The two diagonals of the basic plane carry contrasting tensions: the lyric diagonal (calm) and the dramatic diagonal (complex)
When a diagonal is drawn through the square BP, two fundamentally different tensions arise depending on direction. The diagonal from lower-left to upper-right (cb in Kandinsky’s notation) is the ‘lyric’ tension — milder, more balanced. The diagonal from upper-left to lower-right (da) is the ‘dramatic’ tension — more complex, carrying a diversion upward from its purely diagonal course. These are not subjective labels but structural consequences of the BP’s own above/below/left/right tension asymmetries.

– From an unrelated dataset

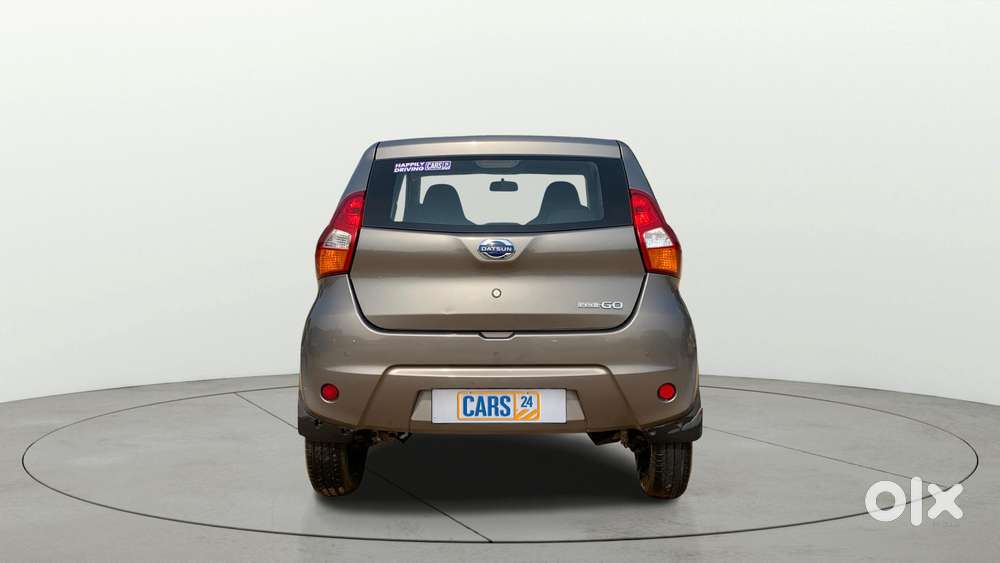 Datsun Redigo 2020-2022 0.8 T, 2021, Petrol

Kandinsky notes he used the diagonal structure in his own paintings without becoming conscious of it until later, confirming the BP’s tensions operate below explicit awareness. For live visual coding, the two diagonal directions in a frame produce detectably different energy even with identical visual elements.
Examples
A line or shape oriented from lower-left to upper-right (lyric diagonal) in a visual patch carries quieter energy than the same element oriented from upper-left to lower-right (dramatic diagonal). In an audio-visual set, the lyric diagonal might suit sustained tones; the dramatic diagonal suits percussive, complex passages.
Assessment
Create two identical visual patches differing only in one element’s diagonal direction (lyric vs dramatic). Show them side by side to a viewer without labeling. Can they identify which is calmer? Does changing the canvas orientation reverse the distinction?